Étudiants: record d’occupation
Du 11 mai à la fin juin. Un mois et demi d’occupation. Record de France, même en cette tumultueuse année 1968. Tout juste inaugurée à la rentrée précédente, la faculté des lettres de Nice devient le bastion emblématique de la contestation sociale sur la Côte d’Azur. «En mai 1968, les Niçois découvrent qu’il y a des étudiants à Nice… Et que la jeunesse peut être turbulente, décrypte Yvan Gastaut, maître de conférences à l’université de Nice-Sophia Antipolis. Avant, tout dépendait de l’université d’Aix-Marseille. Le boom démographique et la démocratisation du système universitaire vont changer cela. » L’université azuréenne a vu le jour en 1965, avec les campus Valrose (sciences), Trotabas (droit) puis Carlone. Ce dernier, où étudient 45 % des 10000 inscrits à l’université, va s’embraser. Le 7 mai, des piquets de grève sont installés à Carlone et Valrose. Le taux d’absentéisme atteint déjà les 70 %. Le 10, une grève éclate dans les restos U. 5000 repas à la poubelle. Le 11, dans un pays abasourdi par la « Nuit des barricades» au Quartier latin, plus de 1 500 étudiants défilent à Nice, appelant les travailleurs à manifester à leur tour. Le 17, les étudiants envisagent le boycott des examens, et la fronde a pris de l’ampleur jusque dans les lycées. Parmi les enjeux : « La mixité, décrypte Yvan Gastaut. Les cités U sont gérées d’une main de fer par le Crous. Les garçons n’ont pas accès aux chambres des filles. Cela reflète bien l’esprit de la société, avec un pouvoir politique corseté. »
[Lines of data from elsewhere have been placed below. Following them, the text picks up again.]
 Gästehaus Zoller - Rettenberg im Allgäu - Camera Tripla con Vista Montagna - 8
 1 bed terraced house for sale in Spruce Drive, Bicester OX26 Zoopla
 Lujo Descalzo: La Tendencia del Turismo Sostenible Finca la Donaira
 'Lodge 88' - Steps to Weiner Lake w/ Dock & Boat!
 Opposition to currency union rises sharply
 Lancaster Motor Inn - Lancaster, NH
Rixe devant la fac de lettres
La soif de liberté est contagieuse. Elle est exaltée lors des AG en amphis par des leaders tels qu’Alain Raybaud pour les gauchistes et Jean-Pierre Shapira pour les pro-communistes. Au menu : réforme des programmes, fin des cours magistraux, gestion de sections… « Comme aujourd’hui, les étudiants bloqueurs sont largement minoritaires, note Yvan Gastaut. Mais ils ont alors cette capacité à entraîner la majorité. » Car les étudiants « aspirent à l’émancipation d’une double tutelle : Aix et Paris. Un certain nombre d’enseignants les encourage. Des acteurs gauchistes soufflent sur les braises. La fac de lettres devient le lieu de tous les blocages, de tous les rêveurs. À tel point que cela deviendra un repoussoir pour certains. » Contrairement à la répression sanglante qui sévit à Paris, aucun heurt n’éclate entre jeunes et CRS. Facteurs d’explication: « L’action du préfet a pu calmer les choses. Il y a eu l’effet de surprise. Les étudiants n’étaient pas habitués à la contestation. Les doyens ont adopté une attitude attentiste. Et ici, il n’y a pas de pavés… » Le 20 mai en revanche, les étudiants de droite viennent en découdre avec ceux de gauche aux portes de Carlone. Les heurts virent à l’opposition « gauchos contre fachos », avec l’implication de groupes sulfureux tels que Jeune Nation ou Occident. Pendant ce temps, le blocage perdure à Carlone, tiraillé entre plusieurs tendances. « Il y a ceux qui veulent le conflit, ceux qui sont opposés au blocage, et ceux qui veulent juste que les cours continuent. Cette majorité silencieuse va s’exprimer par les urnes. » Les élections des 24 délégués étudiants opposent trois listes: l’UGEN-UNEF (902 voix, 9 délégués), les non-syndiqués (800 voix, 8 sièges) et l’UNEF-comité de grève (630 voix, 7 sièges). Avec 76 % de votants, ces élections ont traduit la «forte mobilisation des étudiants, très politisés. Contrairement à aujourd’hui.»